Mr Rampton now believes the money has been granted on a “first-come, first-served” basis, with later applications not being assessed or even considered.

“This is an appalling and inept way to run a capital grant scheme that uses public funds and I am incensed by the way it has been mismanaged,” said Mr Rampton.

A scheme to help add value

In 2017 Defra secretary Michael Gove announced spending of £20m for the next stage of the Countryside Productivity Scheme grant, adding value to agri-food.

The scheme offered funds for farmers and food processors to invest in new equipment and machinery to improve the processing of milk, meat and fruit.

Applicants had to submit an EoI by June 2018, which indicated the nature of the project and its probable cost. If endorsed, the claimant was invited to make a full application.

The RPA’s role is to assess applications and make offers for grant funding on behalf of Defra.

The agency stated: “We’re looking for projects that best meet the priorities for funding and that are good value for taxpayers’ money.”

Mr Rampton says the response deadlines (30 working days for EoIs and 60 working days for full applications) have also not been met. One of his successful clients submitted their full application in July 2018 and did not receive confirmation until this month.

“Applicants believed judgements would be made on the quality of the application and the extent to which it met scheme objectives, but it’s simply a time-based decision.

“Best value for public money has not been measured because not all applications have been assessed,” he added.

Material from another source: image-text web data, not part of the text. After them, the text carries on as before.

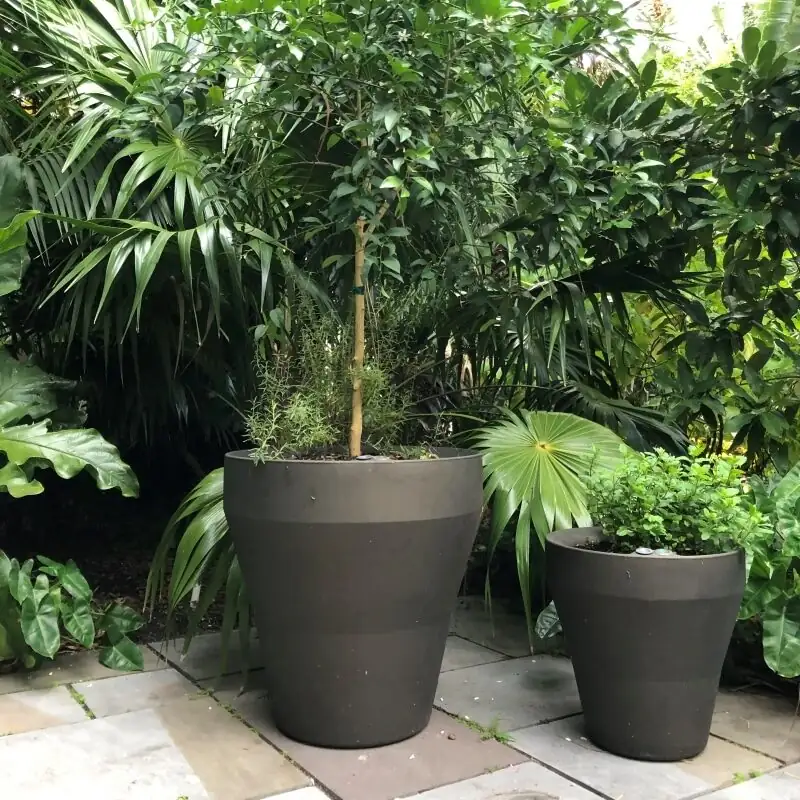 ardisia watering along pot rim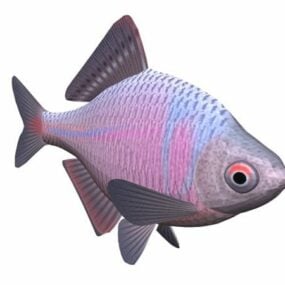 Japanese Bitterling Fish Animal 3d model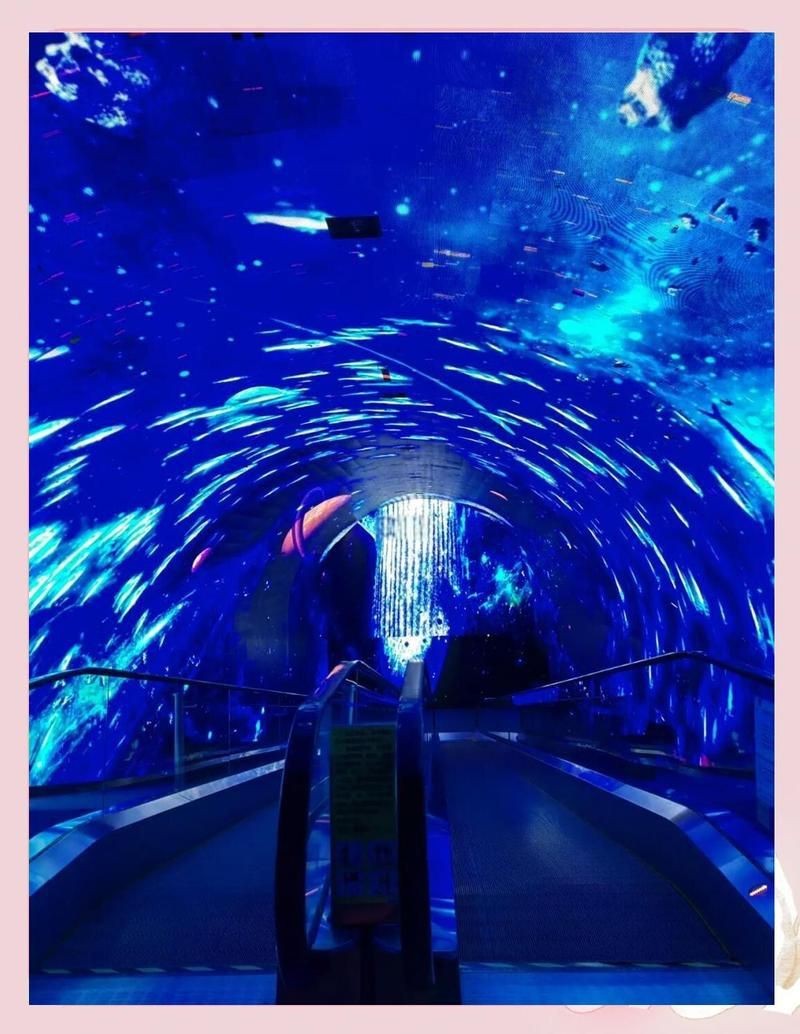 廣州哪個(gè)海洋館比較好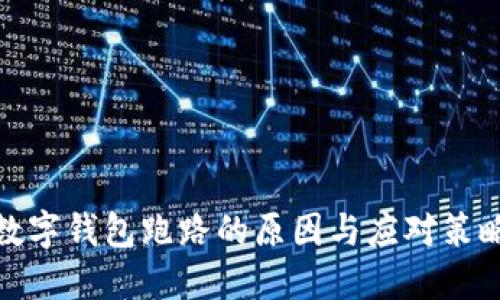 數(shù)字錢包跑路的原因與應(yīng)對策略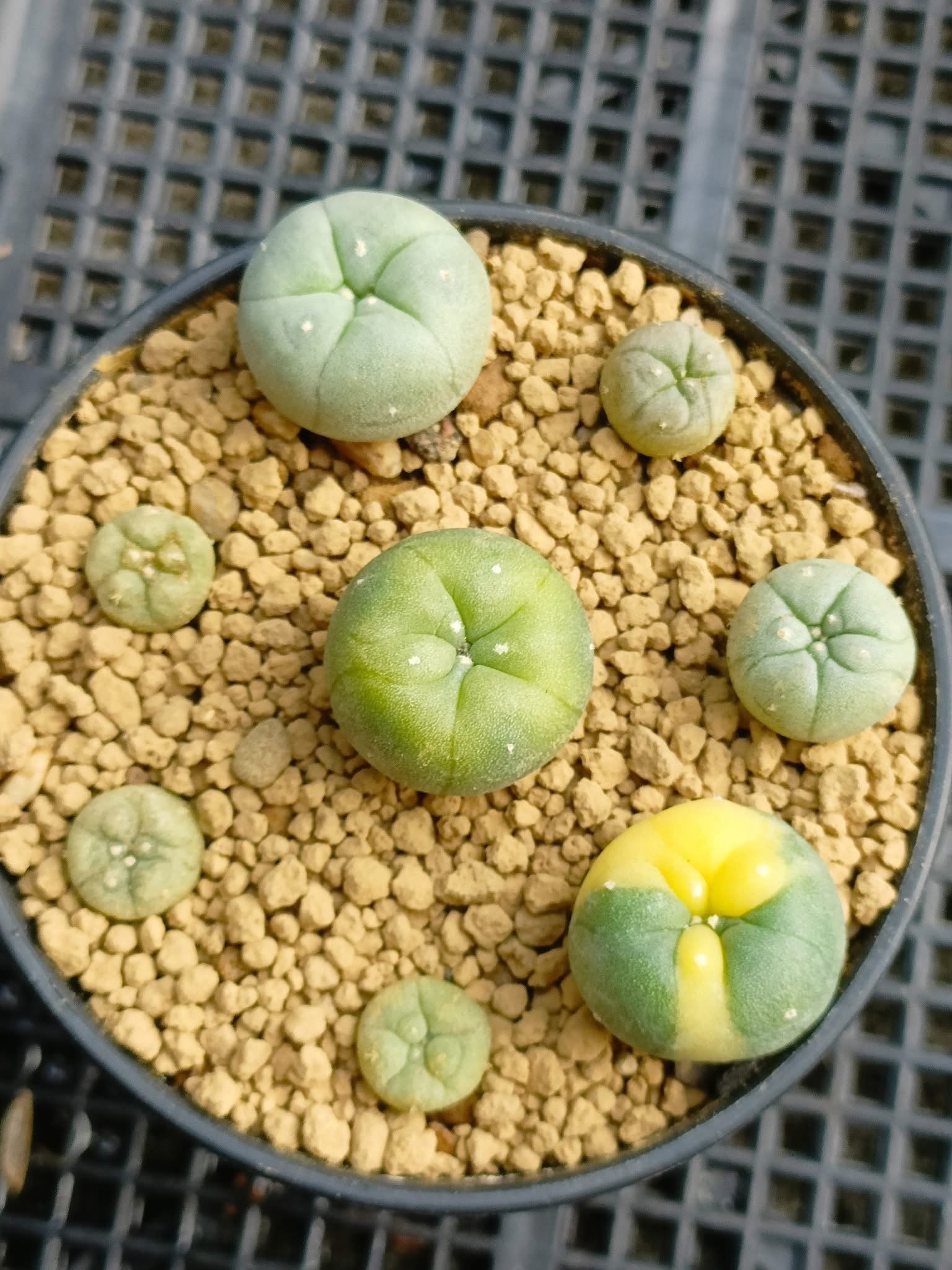 Lophophora Williamsii Variegata 3-4 cm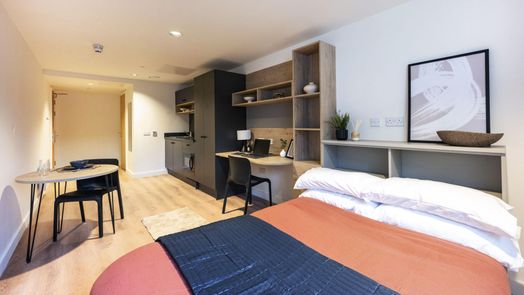 Large Premium Studio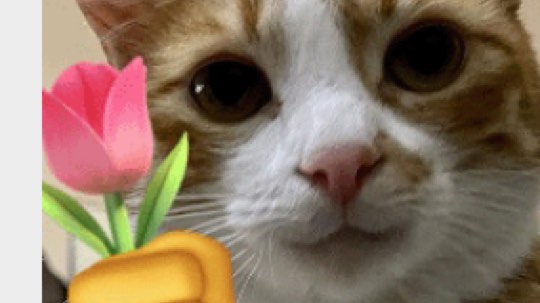 坐牢的一天2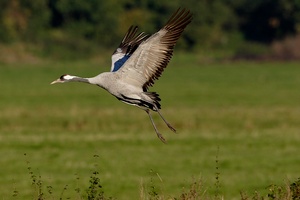 Vogel des Glücks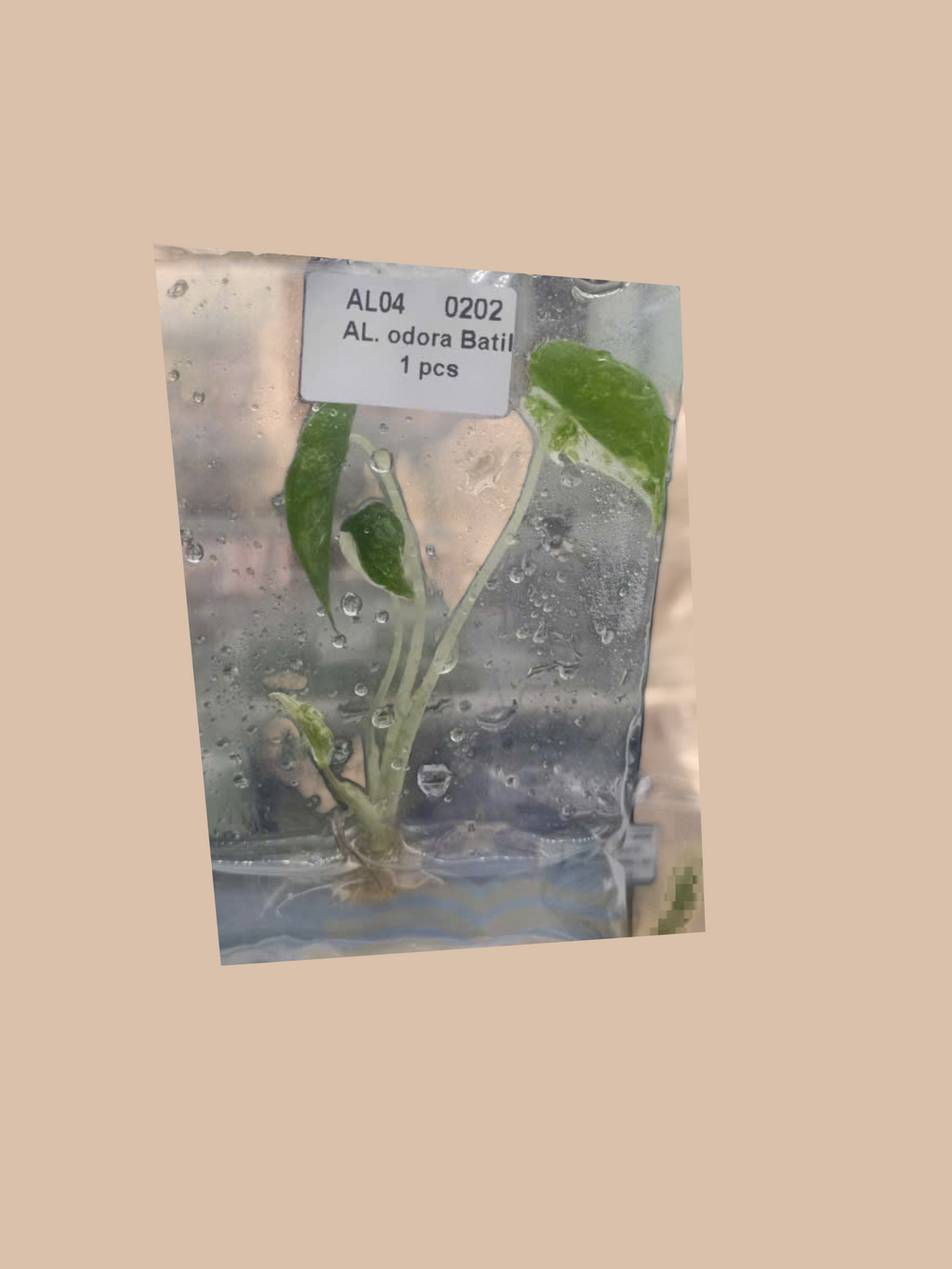 Alocasia odora variegata ‘Batik’ cultivar reference. Packaging and mature-plant images are illustrative; sold as 1 plant per bag.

“I don’t mind rejections on quality terms, but these rejections were made when people were still writing applications.”

Money wasted

Mr Rampton estimates farmers have spent between £5,000 and £10,000, plus a huge amount of time, on collating quotes, sourcing match funding and letters of support in order to complete the grant application, only to be told the scheme was full.

“The RPA would have known the scheme was oversubscribed when the EoIs were submitted,” he said. “It’s totally unfair and really frustrating.”

Defra said it has always been made clear that the scheme had a limited budget and would be highly competitive.

“This scheme has underlined the huge potential of the food processing sector to drive up rural productivity,” a Defra spokesperson said.

“The lessons from this funding round will be factored into our planning for future productivity schemes outside the EU.”

Case study: Stuart Stark

Mixed farmer Stuart Stark keeps pigs and sheep and processes potatoes for Walkers and McCain over 3,000 acres just north of York.

Although both manufacturers supported Mr Stark’s grant application for a new potato storage facility, he was rejected by the RPA and his plans have been shelved.

“It’s upsetting that our initial application was accepted and we were invited to do a full application, only to be told later that the scheme’s full,” Mr Stark said. “If we’d been told there was no point going further it would have been better, but there was no warning.

“It’s a missed opportunity as far as potato storage is concerned. Where’s the funding going to come from now?”